### ASSIGNMENT
Print all of the data exactly, with no line missing.
+++ DATASET EXCERPT +++
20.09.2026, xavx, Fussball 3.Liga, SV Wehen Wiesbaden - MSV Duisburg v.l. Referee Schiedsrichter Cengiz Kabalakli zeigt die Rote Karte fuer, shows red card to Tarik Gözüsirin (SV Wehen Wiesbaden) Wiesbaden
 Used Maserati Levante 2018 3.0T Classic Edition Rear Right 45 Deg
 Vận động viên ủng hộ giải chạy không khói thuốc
+++
### RESULT OF THIS EXERCISE
20.09.2026, xavx, Fussball 3.Liga, SV Wehen Wiesbaden - MSV Duisburg v.l. Referee Schiedsrichter Cengiz Kabalakli zeigt die Rote Karte fuer, shows red card to Tarik Gözüsirin (SV Wehen Wiesbaden) Wiesbaden
 Used Maserati Levante 2018 3.0T Classic Edition Rear Right 45 Deg
 Vận động viên ủng hộ giải chạy không khói thuốc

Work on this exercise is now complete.